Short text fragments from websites
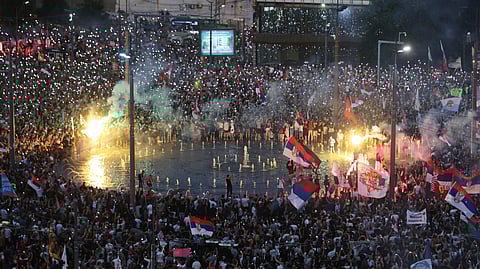 People wave their mobile phones with flashing lights during a major anti-government rally in Belgrade, Serbia, Saturday, June 28, 2025.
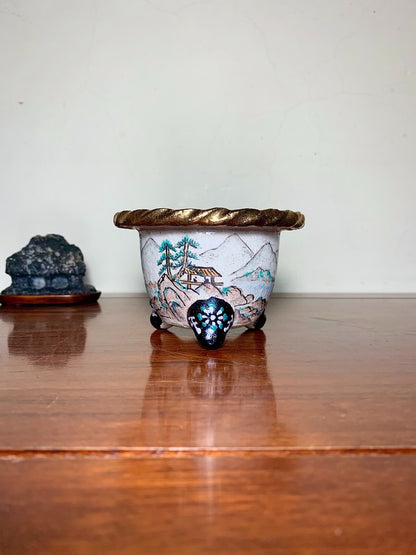 A small, light-colored ceramic pot with a painted landscape and a gold-trimmed rim.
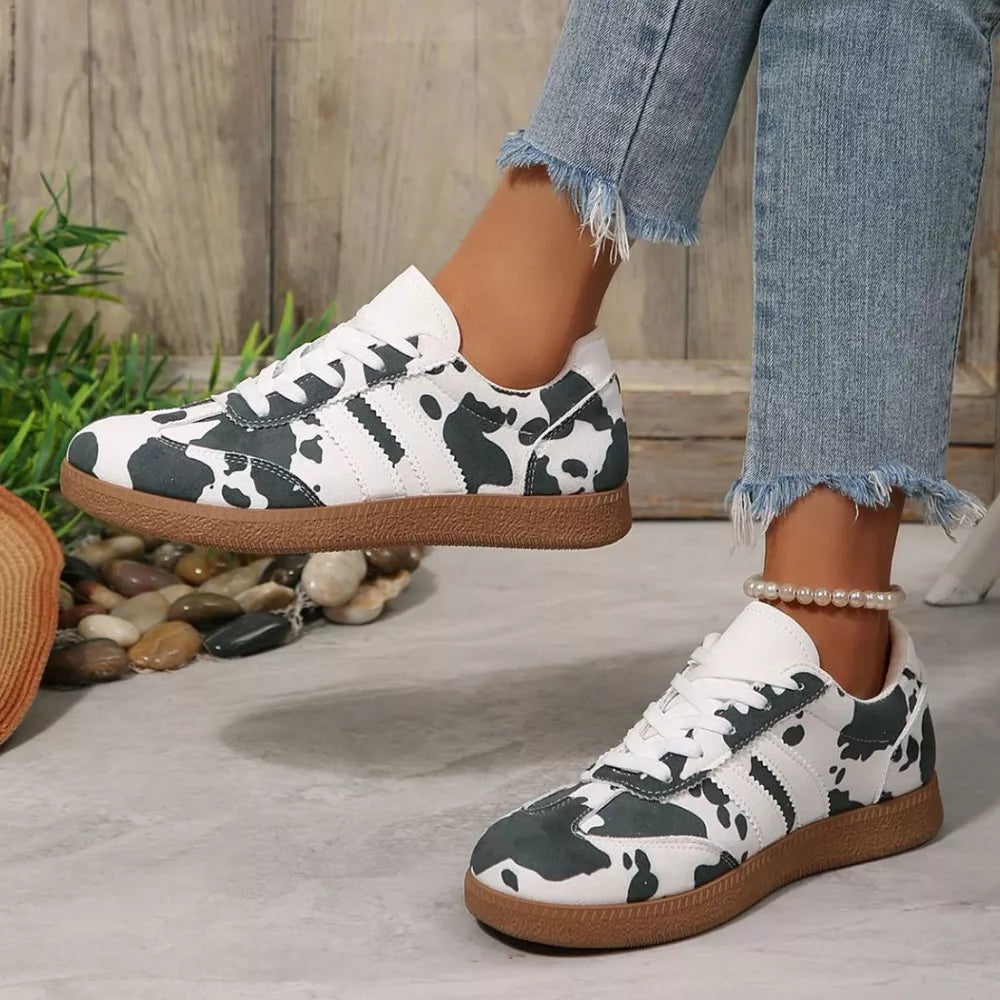 Trendy cow print low-top sneakers with white and black pattern and brown sole.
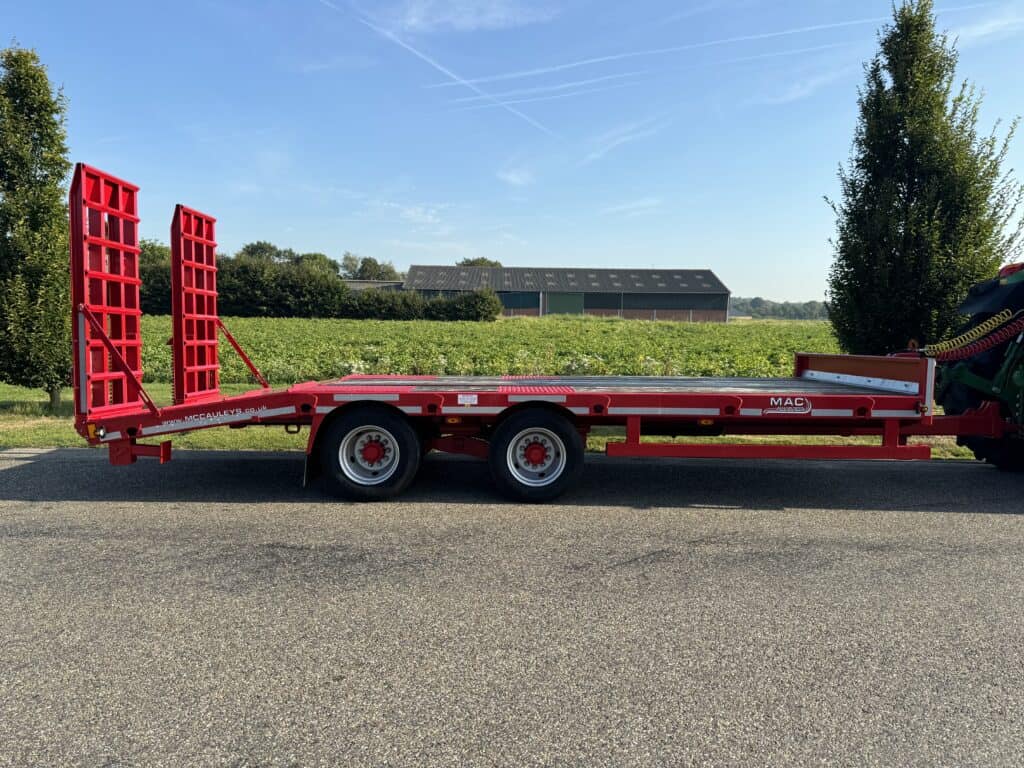 Veetransportwagen voor landbouwmachines op asfaltweg, rood, gestapelde laadkleppen.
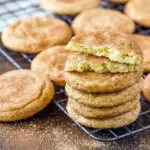 A stack of freshly baked snickerdoodle cookies dusted in cinnamon sugar, showing soft centers and crackled tops on a cooling rack, Soft And Chewy Snickerdoodle Cookies Recipe.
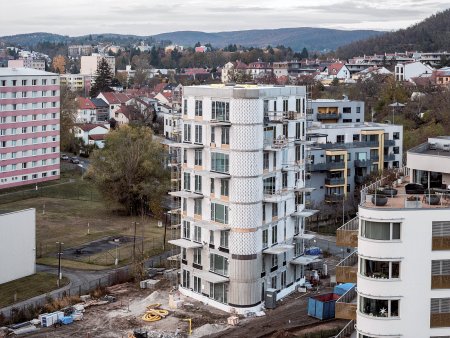 Dům se začal stavět v polovině roku 2022 a nyní se dokončuje. Po obvodu umístěné pobytové místnosti doplňují prostorné balkony.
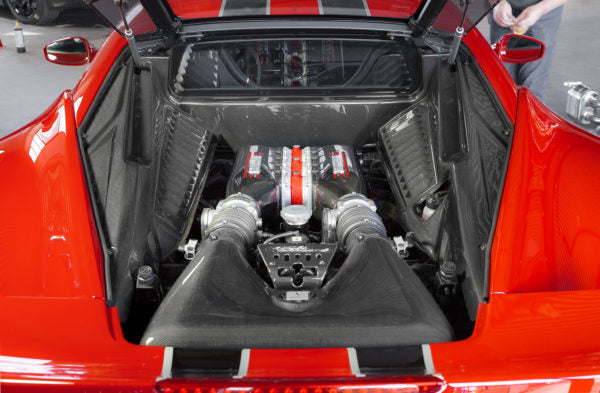 wide view of Capristo Carbon Lock Cover for Ferrari 458 Speciale 2013-2015 fitted inside a car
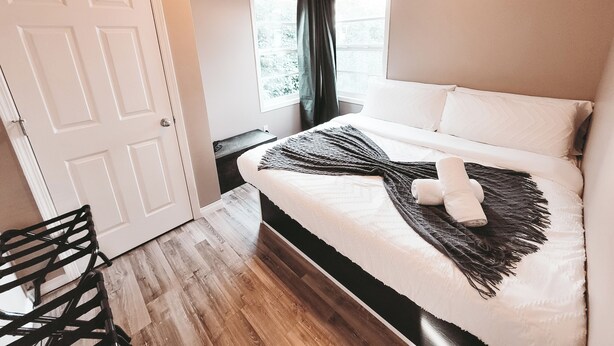 Una camera da letto con un letto, una sedia, una finestra e una porta.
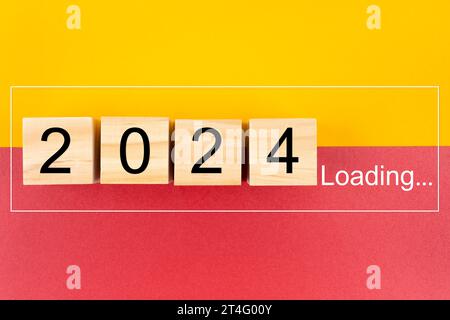 New Year 2024 Loading with wood block on yellow and red background. Stock Photo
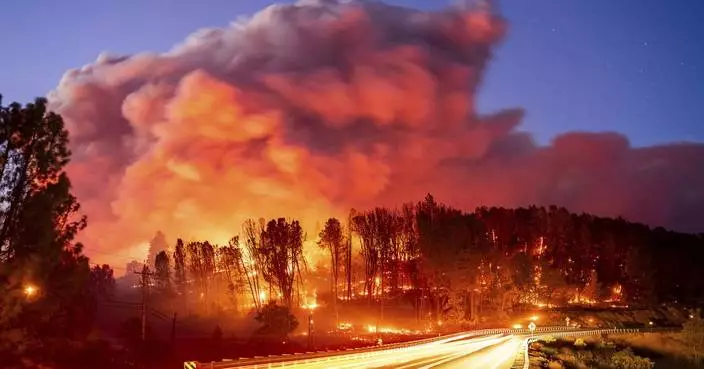 People flee Idaho town through a tunnel of fire and smoke as Western wildfires spread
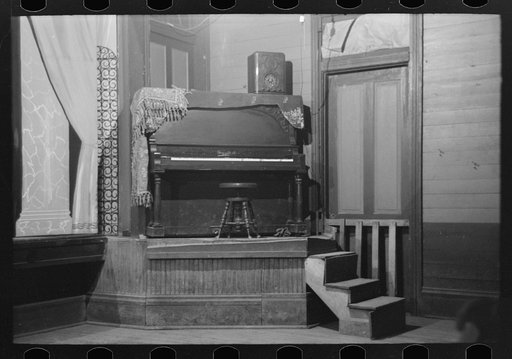 Piano on platform in auditorium, New Iberia, Louisiana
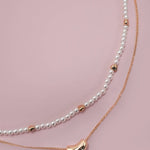 Double layer pearl and gold chain necklace with bean charm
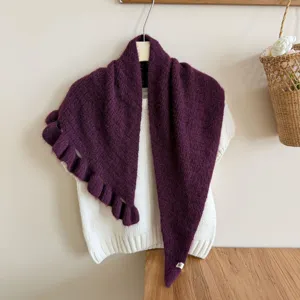 Purple knitted shawl with ruffle edge and cozy design for women's autumn and winter wear.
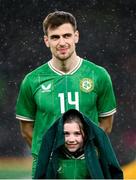 22 March 2023; A young mascot wearing the anthem jacket of Jayson Molumby of Republic of Ireland during a shower of rain before the international friendly match between Republic of Ireland and Latvia at Aviva Stadium in Dublin. Photo by Stephen McCarthy/Sportsfile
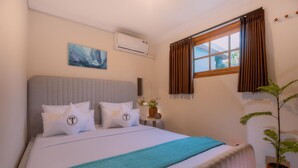 Una cama bien hecha con una colcha azul, un cabecero gris y almohadas con un logo. Se observa una ventana con cortinas, una planta en maceta y un equipo de aire acondicionado en la pared.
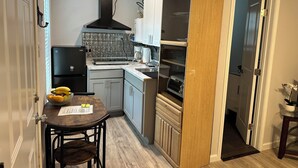 Cocina compacta con refrigerador, estufa y horno. Hay una mesa de comedor con sillas y una pequeña planta al lado.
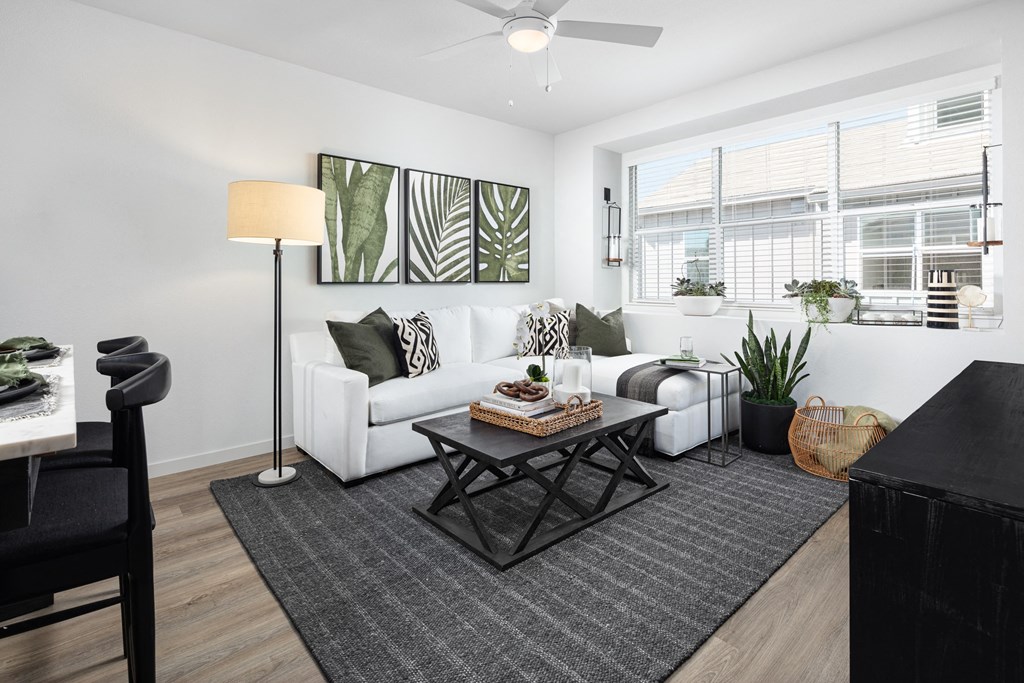 2-Bedroom Houses for Rent in Roseville, CA - Solstice at Fiddyment Ranch - Living Room with Wood-Style Flooring, Area Rug, Sectional Couch, Coffee Table, Cabinet, TV, Ceiling Fan, Patio Door, and Large Window with Blinds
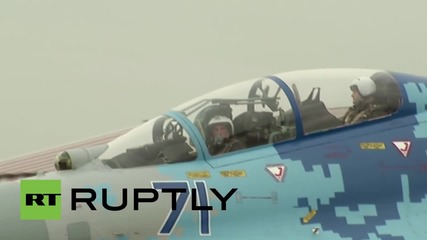 Ukraine: President Poroshenko flies aboard a SU-27 fighter jet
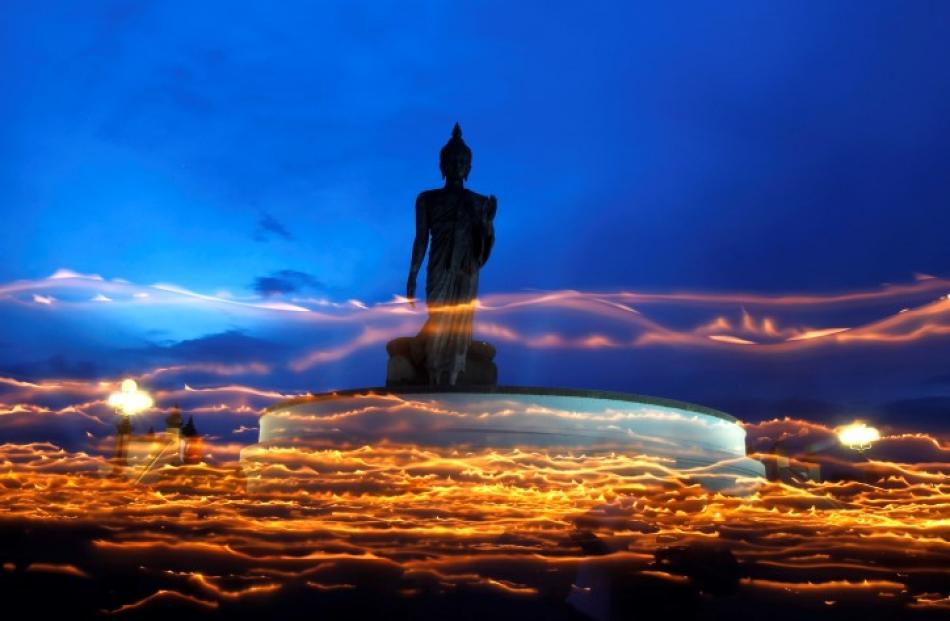 Buddhists carry candles while encircling a large Buddha statue during Vesak Day, an annual...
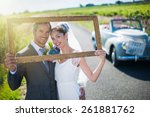 Charming bride and groom posing with a frame for their wedding photos, behind them a lovely country roadd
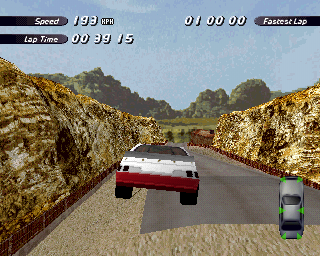 Destruction Derby 2 (PlayStation) screenshot: Racing through Chalk Canyon on a time trial. Taking off like this seems to be encouraged if the commentary is anything to go by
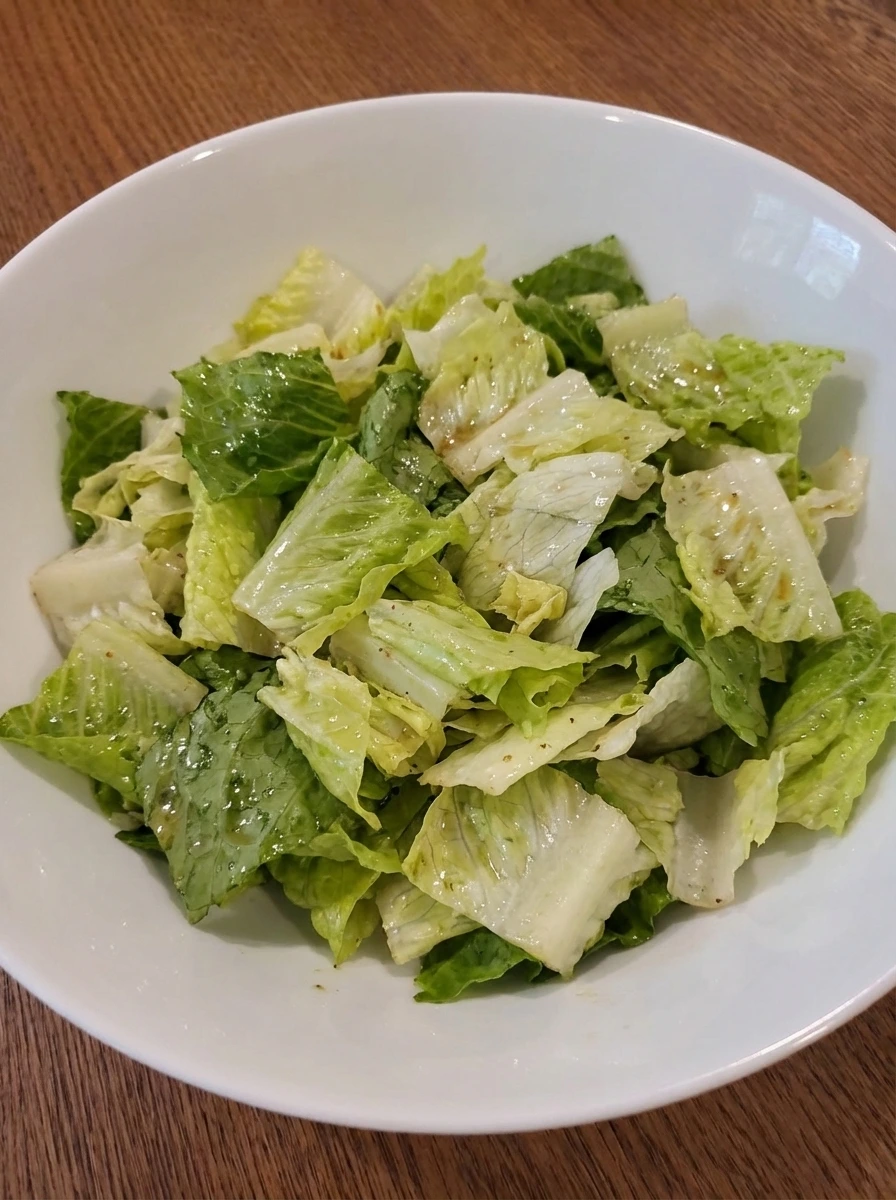 Lettuce tossed with dressing for Cobb Salad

§ **Aim of the exercise**: Look above for the line with "A small, light-colored" and the line with "Una camera da". Give again exactly those two lines and all lines between them, pictures excluded.

§ **Solved exercise**:
 A small, light-colored ceramic pot with a painted landscape and a gold-trimmed rim.
 Trendy cow print low-top sneakers with white and black pattern and brown sole.
 Veetransportwagen voor landbouwmachines op asfaltweg, rood, gestapelde laadkleppen.
 A stack of freshly baked snickerdoodle cookies dusted in cinnamon sugar, showing soft centers and crackled tops on a cooling rack, Soft And Chewy Snickerdoodle Cookies Recipe.
 Dům se začal stavět v polovině roku 2022 a nyní se dokončuje. Po obvodu umístěné pobytové místnosti doplňují prostorné balkony.
 wide view of Capristo Carbon Lock Cover for Ferrari 458 Speciale 2013-2015 fitted inside a car
 Una camera da letto con un letto, una sedia, una finestra e una porta.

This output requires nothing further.